[[ DATA EXTRACTS, beginning ]]
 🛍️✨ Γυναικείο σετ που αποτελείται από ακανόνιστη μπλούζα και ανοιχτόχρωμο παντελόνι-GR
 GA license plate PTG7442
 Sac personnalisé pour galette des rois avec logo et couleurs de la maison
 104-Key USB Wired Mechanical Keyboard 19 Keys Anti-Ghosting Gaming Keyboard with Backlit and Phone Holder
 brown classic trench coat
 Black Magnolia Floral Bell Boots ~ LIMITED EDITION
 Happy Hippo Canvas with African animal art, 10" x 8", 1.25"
[[ DATA EXTRACTS, end ]]
### ACTIVITY
Each line of the data that holds the word "with" should be copied.

### TASK OUTPUT
 104-Key USB Wired Mechanical Keyboard 19 Keys Anti-Ghosting Gaming Keyboard with Backlit and Phone Holder
 Happy Hippo Canvas with African animal art, 10" x 8", 1.25"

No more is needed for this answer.